= Grand Jury Européen =

The Grand Jury Européen (GJE) is an Association sans but lucratif (association without lucrative purpose under Luxembourg law) with the aim of providing an alternative classification of wine, founded in 1996 by François Mauss.

The Grand Jury Européen assembles a minimum of 12 permanent members, from at least 6 different countries of the European Union and Switzerland, for blind tasting a maximum of 68 wines in two daily 3-hour sessions. Such events have included the Grand European Jury Wine Tasting of 1997 and the "Judgment of Sauternes" of October, 2006.
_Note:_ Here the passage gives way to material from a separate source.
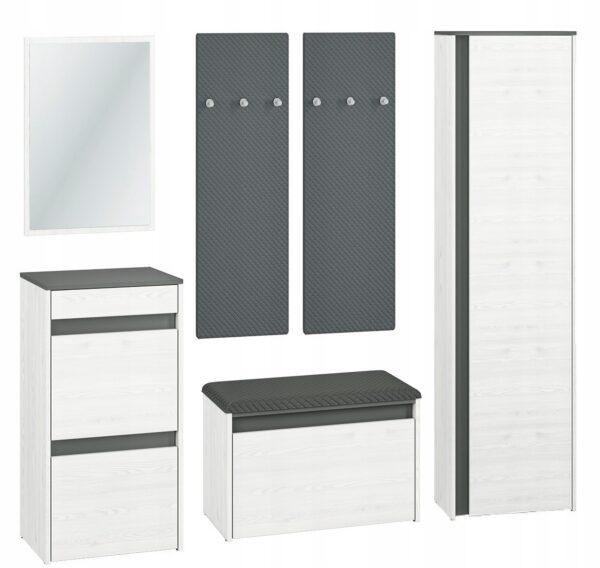 3b1a02c31a10afe35a3a9a3684d16b90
The concept of GJE came to Mauss at "6 o'clock on the morning of 29 June 1996", as he sought to develop a method that in several ways was opposite to the approach of Robert Parker, in order to provide an alternative to Parker's scores. Initially Mauss wrote to some 200 Bordeaux châteaux, announcing plans of tasting the 1983, 1985 and 1990 vintages and requested purchase information, but received only three responses, from châteaux Haut-Brion, Pichon Lalande and Sociando-Mallet.

In 2006 Mauss expressed criticism of the Judgment of Paris 30th Anniversary, adding to his reputation as "a dissenting voice in the wine world", also established by the Beaujolais nouveau "vin de merde case".